Today, we live in a low-interest-rate environment, where the cost of borrowing for governments and institutions is lower than the historical average. It is easy to see that interest rates are at generational lows, but did you know that they are also at 670-year lows?

This week’s chart outlines the interest rates attached to loans dating back to the 1350s. Take a look at the diminishing history of the cost of debt—money has never been cheaper for governments to borrow than it is today.

The Birth of an Investing Class

Trade brought many good ideas to Europe, while helping spur the Renaissance and the development of the money economy.

Key European ports and trading nations, such as the Republic of Genoa or the Netherlands during the Renaissance period, help provide a good indication of the cost of borrowing in the early history of interest rates.

The Republic of Genoa: 4-5 year Lending Rate

Genoa became a junior associate of the Spanish Empire, with Genovese bankers financing many of the Spanish crown’s foreign endeavors.

Genovese bankers provided the Spanish royal family with credit and regular income. The Spanish crown also converted unreliable shipments of New World silver into capital for further ventures through bankers in Genoa.

Dutch Perpetual Bonds

A perpetual bond is a bond with no maturity date. Investors can treat this type of bond as an equity, not as debt. Issuers pay a coupon on perpetual bonds forever, and do not have to redeem the principal—much like the dividend from a blue-chip company.

By 1640, there was so much confidence in Holland’s public debt, that it made the refinancing of outstanding debt with a much lower interest rate of 5% possible.

Dutch provincial and municipal borrowers issued three types of debt:

  1. Promissory notes (Obligatiën): Short-term debt, in the form of bearer bonds, that was readily negotiable
  2. Redeemable bonds (Losrenten): Paid an annual interest to the holder, whose name appeared in a public-debt ledger until the loan was paid off
  3. Life annuities (Lijfrenten): Paid interest during the life of the buyer, where death cancels the principal

Unlike other countries where private bankers issued public debt, Holland dealt directly with prospective bondholders. They issued many bonds of small coupons that attracted small savers, like craftsmen and often women.

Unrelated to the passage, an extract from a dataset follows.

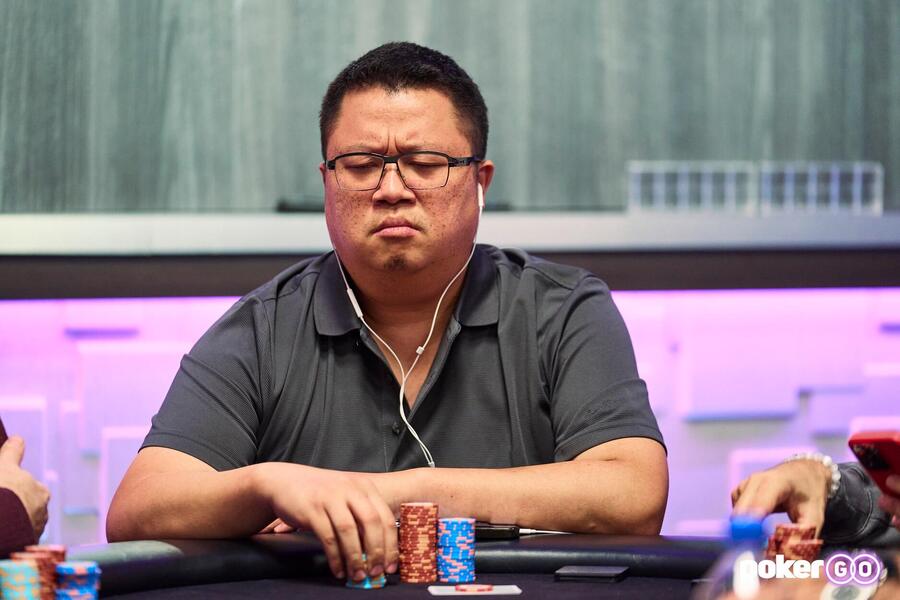 Bin Weng během Poker Masters 2023 na PokerGO.com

Rule Britannia: British Consols

In 1752, the British government converted all its outstanding debt into one bond, the Consolidated 3.5% Annuities, in order to reduce the interest rate it paid. Five years later, the annual interest rate on the stock dropped to 3%, adjusting the stock as Consolidated 3% Annuities.

The coupon rate remained at 3% until 1888, when the finance minister converted the Consolidated 3% Annuities, along with Reduced 3% Annuities (1752) and New 3% Annuities (1855), into a new bond─the 2.75% Consolidated Stock. The interest rate was further reduced to 2.5% in 1903.

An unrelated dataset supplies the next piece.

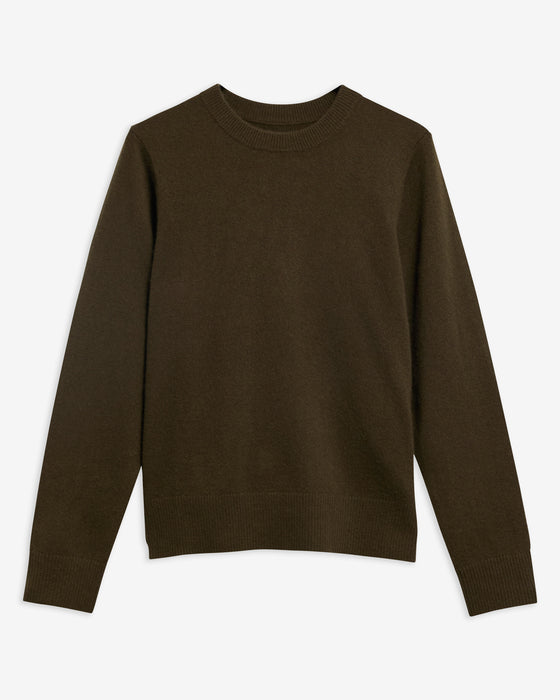 (Barbour) Penwood Cashmere Crew Neck Jumper - Olive (Women's)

Interest rates briefly went back up in 1927 when Winston Churchill issued a new government stock, the 4% Consols, as a partial refinancing of WWI war bonds.

American Ascendancy: The U.S. Treasury Notes

The United States Congress passed an act in 1870 authorizing three separate consol issues with redemption privileges after 10, 15, and 30 years. This was the beginning of what became known as Treasury Bills, the modern benchmark for interest rates.

The Great Inflation of the 1970s

In the 1970s, the global stock market was a mess. Over an 18-month period, the market lost 40% of its value. For close to a decade, few people wanted to invest in public markets. Economic growth was weak, resulting in double-digit unemployment rates.

The low interest policies of the Federal Reserve in the early ‘70s encouraged full employment, but also caused high inflation. Under new leadership, the central bank would later reverse its policies, raising interest rates to 20% in an effort to reset capitalism and encourage investment.

Looking Forward: Cheap Money

Since then, interest rates set by government debt have been rapidly declining, while the global economy has rapidly expanded. Further, financial crises have driven interest rates to just above zero in order to spur spending and investment.

It is clear that the arc of lending bends towards ever-decreasing interest rates, but how low can they go?